◆ Recorded information
*-*-*

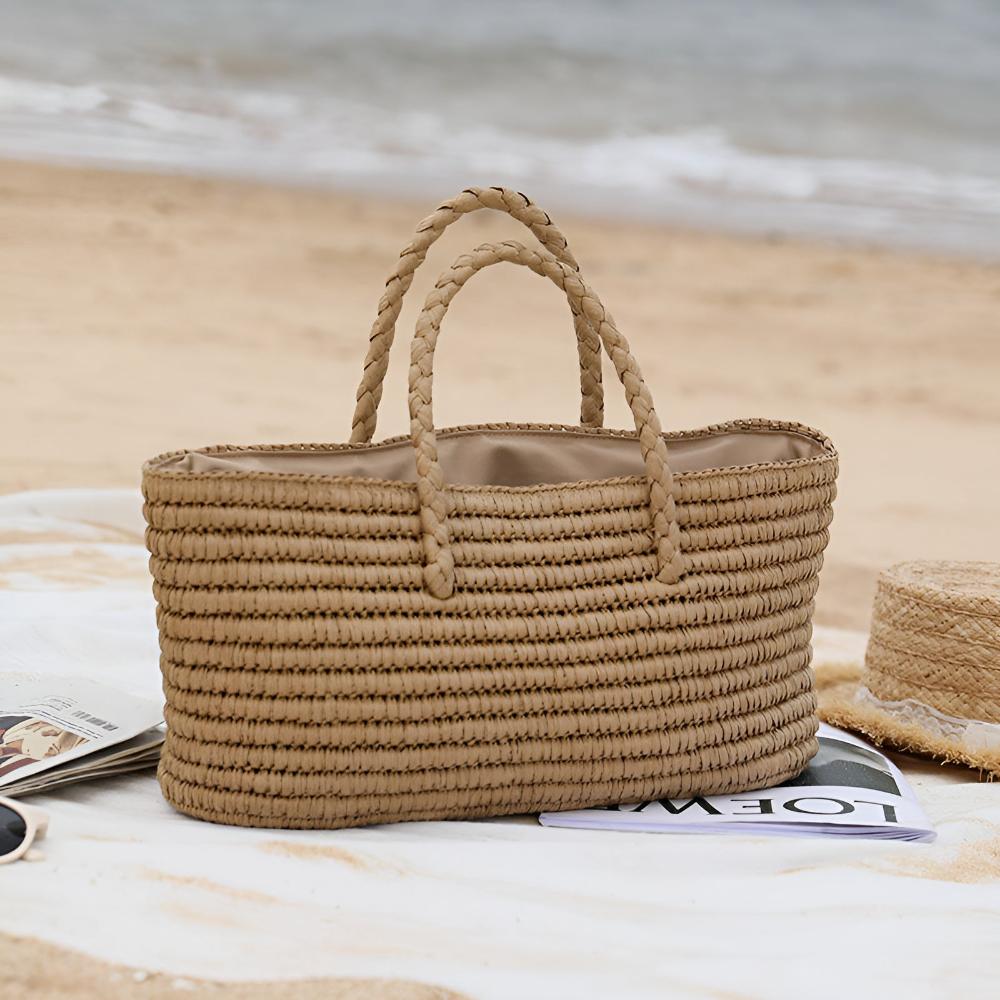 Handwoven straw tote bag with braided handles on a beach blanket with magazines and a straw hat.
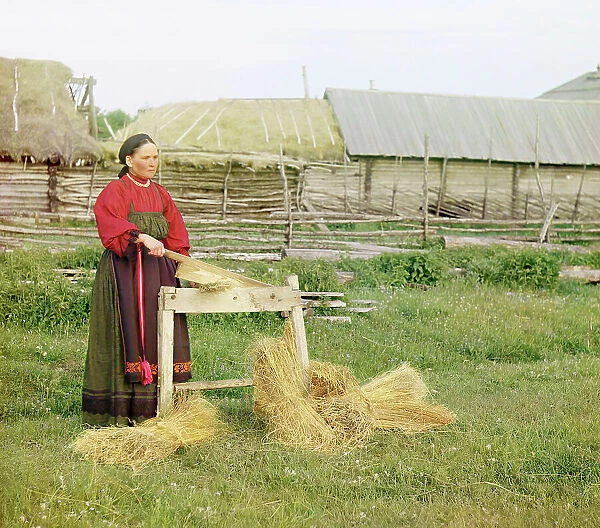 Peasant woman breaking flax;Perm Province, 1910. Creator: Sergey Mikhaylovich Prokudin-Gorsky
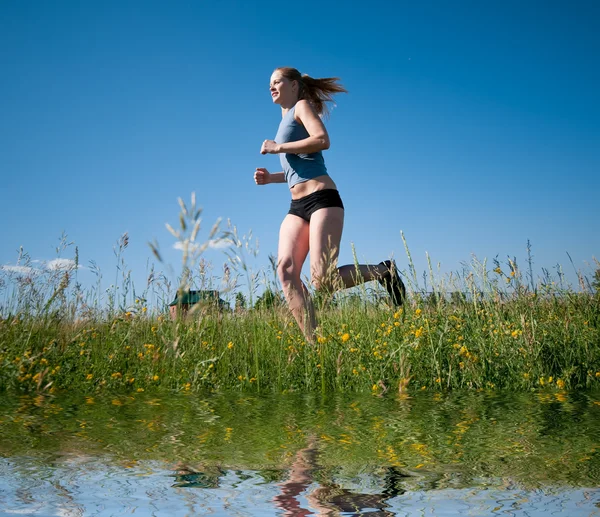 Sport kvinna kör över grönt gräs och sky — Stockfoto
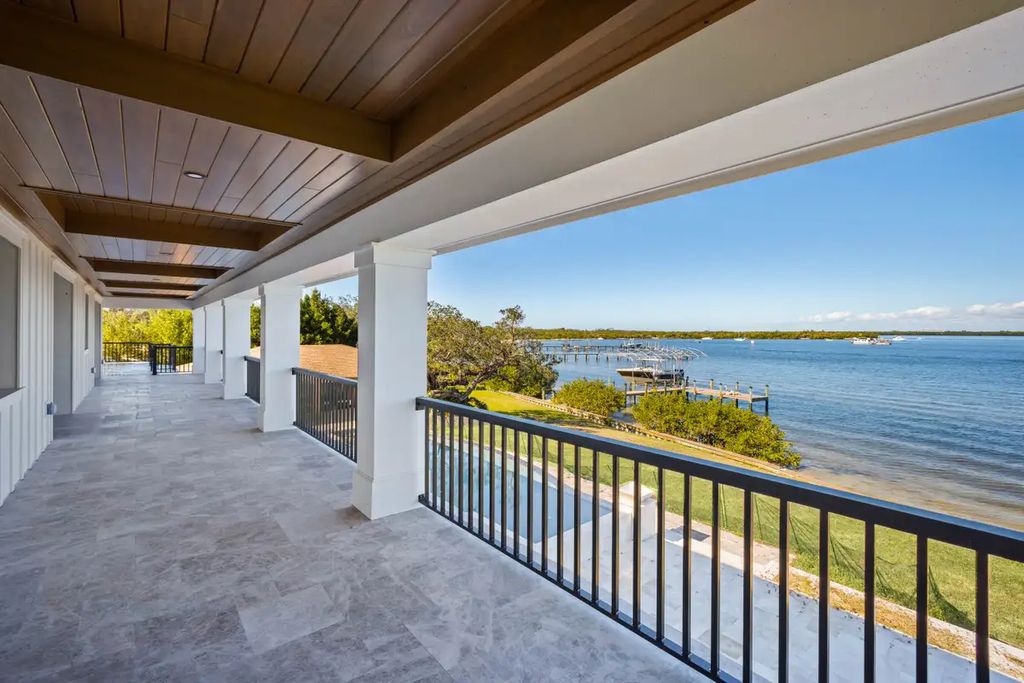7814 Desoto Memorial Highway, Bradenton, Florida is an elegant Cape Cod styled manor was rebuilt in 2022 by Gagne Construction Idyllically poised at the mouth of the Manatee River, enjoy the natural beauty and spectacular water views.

*-*-*

◆ Task details
Output the listing exactly. Leave out any image.

◆ Answer to this exercise
 Handwoven straw tote bag with braided handles on a beach blanket with magazines and a straw hat.
 Peasant woman breaking flax;Perm Province, 1910. Creator: Sergey Mikhaylovich Prokudin-Gorsky
 Sport kvinna kör över grönt gräs och sky — Stockfoto
7814 Desoto Memorial Highway, Bradenton, Florida is an elegant Cape Cod styled manor was rebuilt in 2022 by Gagne Construction Idyllically poised at the mouth of the Manatee River, enjoy the natural beauty and spectacular water views.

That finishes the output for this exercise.